• **Activity**:
Your job is to return every line in the data holding the string "Lite".

• **Information given**:
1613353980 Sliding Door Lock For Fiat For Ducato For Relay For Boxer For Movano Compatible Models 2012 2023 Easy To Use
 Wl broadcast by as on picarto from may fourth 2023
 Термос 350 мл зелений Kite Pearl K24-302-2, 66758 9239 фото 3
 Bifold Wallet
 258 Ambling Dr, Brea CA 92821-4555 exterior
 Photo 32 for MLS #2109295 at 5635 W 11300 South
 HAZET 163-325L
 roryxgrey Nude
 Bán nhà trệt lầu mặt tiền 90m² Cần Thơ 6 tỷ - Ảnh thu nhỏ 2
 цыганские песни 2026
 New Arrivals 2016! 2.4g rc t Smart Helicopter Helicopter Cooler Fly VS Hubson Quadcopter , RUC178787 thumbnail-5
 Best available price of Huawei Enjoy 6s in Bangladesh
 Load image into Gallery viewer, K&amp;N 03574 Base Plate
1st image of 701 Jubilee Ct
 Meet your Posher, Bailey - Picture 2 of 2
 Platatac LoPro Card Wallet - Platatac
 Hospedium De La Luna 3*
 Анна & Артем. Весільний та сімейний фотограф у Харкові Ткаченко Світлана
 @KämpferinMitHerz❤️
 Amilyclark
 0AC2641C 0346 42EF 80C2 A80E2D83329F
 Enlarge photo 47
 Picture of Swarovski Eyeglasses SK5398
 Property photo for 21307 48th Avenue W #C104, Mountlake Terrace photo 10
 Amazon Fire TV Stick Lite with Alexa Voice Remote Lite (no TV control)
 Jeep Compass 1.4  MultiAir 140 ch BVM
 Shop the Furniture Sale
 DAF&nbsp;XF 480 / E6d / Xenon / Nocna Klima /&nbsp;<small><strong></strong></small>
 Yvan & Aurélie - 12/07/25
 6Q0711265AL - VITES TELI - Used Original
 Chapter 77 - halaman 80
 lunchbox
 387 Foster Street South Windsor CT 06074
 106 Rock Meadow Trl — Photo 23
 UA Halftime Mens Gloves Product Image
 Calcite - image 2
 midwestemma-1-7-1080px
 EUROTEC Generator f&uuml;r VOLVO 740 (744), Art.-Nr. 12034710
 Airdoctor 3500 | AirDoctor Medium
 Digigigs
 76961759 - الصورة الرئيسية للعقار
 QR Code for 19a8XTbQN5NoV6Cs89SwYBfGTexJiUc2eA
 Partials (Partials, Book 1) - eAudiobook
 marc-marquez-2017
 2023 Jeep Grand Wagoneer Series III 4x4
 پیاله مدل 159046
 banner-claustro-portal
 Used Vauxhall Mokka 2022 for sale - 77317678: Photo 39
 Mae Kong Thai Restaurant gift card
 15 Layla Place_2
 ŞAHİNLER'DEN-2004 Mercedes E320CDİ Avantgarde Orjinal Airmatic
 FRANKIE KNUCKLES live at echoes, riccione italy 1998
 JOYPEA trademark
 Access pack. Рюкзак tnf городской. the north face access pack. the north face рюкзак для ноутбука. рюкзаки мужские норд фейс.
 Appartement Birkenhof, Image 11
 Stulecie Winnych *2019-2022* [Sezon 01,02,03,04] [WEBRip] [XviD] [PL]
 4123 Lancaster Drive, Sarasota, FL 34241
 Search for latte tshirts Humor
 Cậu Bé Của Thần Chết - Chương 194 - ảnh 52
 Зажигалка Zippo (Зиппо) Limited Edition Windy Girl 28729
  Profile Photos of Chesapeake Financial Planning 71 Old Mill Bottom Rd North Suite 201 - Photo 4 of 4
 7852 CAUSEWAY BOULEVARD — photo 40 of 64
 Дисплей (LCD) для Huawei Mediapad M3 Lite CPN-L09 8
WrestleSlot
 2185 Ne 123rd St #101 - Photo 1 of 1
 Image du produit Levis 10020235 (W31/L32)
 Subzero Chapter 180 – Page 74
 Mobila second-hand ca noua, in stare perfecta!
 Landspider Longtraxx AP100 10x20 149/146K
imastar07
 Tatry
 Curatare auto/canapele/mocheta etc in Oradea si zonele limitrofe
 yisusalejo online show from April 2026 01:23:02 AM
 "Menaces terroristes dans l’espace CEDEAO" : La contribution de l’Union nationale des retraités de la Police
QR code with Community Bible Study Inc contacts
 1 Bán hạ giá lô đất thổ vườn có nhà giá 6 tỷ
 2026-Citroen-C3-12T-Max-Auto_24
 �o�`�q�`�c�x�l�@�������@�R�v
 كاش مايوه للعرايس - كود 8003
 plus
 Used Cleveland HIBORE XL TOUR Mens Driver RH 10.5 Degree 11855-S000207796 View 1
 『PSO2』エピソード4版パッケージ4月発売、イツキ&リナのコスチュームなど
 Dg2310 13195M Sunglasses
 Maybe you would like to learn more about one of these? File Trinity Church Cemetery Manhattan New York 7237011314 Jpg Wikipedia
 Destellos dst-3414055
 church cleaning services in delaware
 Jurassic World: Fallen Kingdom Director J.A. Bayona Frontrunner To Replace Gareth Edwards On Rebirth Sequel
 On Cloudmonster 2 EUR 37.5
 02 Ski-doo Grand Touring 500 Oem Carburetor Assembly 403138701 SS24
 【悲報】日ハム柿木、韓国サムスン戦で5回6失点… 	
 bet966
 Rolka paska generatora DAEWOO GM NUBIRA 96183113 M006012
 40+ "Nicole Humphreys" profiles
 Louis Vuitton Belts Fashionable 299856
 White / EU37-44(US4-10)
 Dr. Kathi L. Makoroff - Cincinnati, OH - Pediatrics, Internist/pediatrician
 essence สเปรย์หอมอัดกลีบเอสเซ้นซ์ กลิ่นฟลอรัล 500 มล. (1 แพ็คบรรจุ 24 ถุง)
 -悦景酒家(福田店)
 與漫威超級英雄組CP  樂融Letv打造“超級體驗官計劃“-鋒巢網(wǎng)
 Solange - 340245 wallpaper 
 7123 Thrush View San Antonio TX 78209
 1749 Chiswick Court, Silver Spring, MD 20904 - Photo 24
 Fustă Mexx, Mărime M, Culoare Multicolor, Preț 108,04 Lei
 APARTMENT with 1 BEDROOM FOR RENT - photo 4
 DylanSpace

• **Answer area**:
 Amazon Fire TV Stick Lite with Alexa Voice Remote Lite (no TV control)
 Дисплей (LCD) для Huawei Mediapad M3 Lite CPN-L09 8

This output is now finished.